Nach den angeflogenen Steinen zum Abschied war es wie beim Thema „Wind oder Regen“ jeweils schwer zu sagen, ob nun ein aggressiver Hund oder Steine werfendes Kind schlimmer war. Kurz vor Agri wurden wir nämlich mal wieder von einer Horde von Hunden angegriffen, die wohl zu einer Militärbasis gehörten. Nur knapp entkamen wir den Bestien und waren froh in dieser Nacht in einer Bauhütte in Betten schlafen zu können, da wir so sowohl vor den Hunden als auch vor den heftigen Gewittern sicher waren, die nun eine Woche andauern sollten. In Agri kamen wir schließlich wieder bei Couchsurfern unter und verbrachten zwei wundervolle Tage dort. Dollars konnte ich aber nicht bei der Bank abheben, da sie wohl ihre ATM-Politik verändert hatten, so dass ich Euro zu Türkischen Lira, TL zu Dollar und Dollar im Iran zu Rial tauschen musste. Als wir am zweiten Tag dann nach Dogubayazit aufbrachen, kam sogar noch der Präsident Erdogan zu einem Besuch in der Stadt vorbei, wohl um uns zu verabschieden, aber wir mussten schon früh losfahren, um nicht in die Gewitterfront zu kommen.

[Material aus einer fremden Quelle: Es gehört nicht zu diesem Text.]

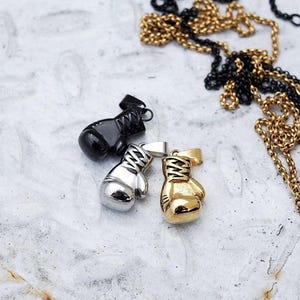 May include: Three silver and gold boxing glove pendants. The pendants are on a white surface.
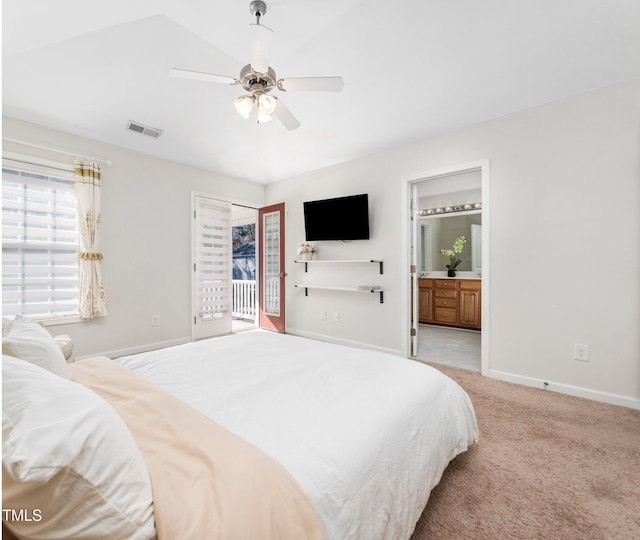 bedroom with baseboards, ensuite bath, visible vents, access to exterior, and light colored carpet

In Dogubayazit schliefen wir zwei Nächte bei einem Reiseunternehmer und hatten so genug Zeit die letzten Dollar zu tauschen, den Arche-Noah-Ararat zu sehen und zum 6 km entfernten Palast zu laufen, bevor es dann in Richtung Grenze gehen konnte. Auf dem Weg zum Palast schloss sich uns ein friedlicher Hund an, der mich aber auf dem Rückweg im Stich ließ und sich verdrückte als 3 kläffende Hunde auftauchten. Für uns war es wohl nun auch Zeit sich nach 1,5 Monaten aus der Türkei zu verdrücken und wieder ein neues Land kennen zulernen, in dem es wohl keine Hunde mehr geben soll.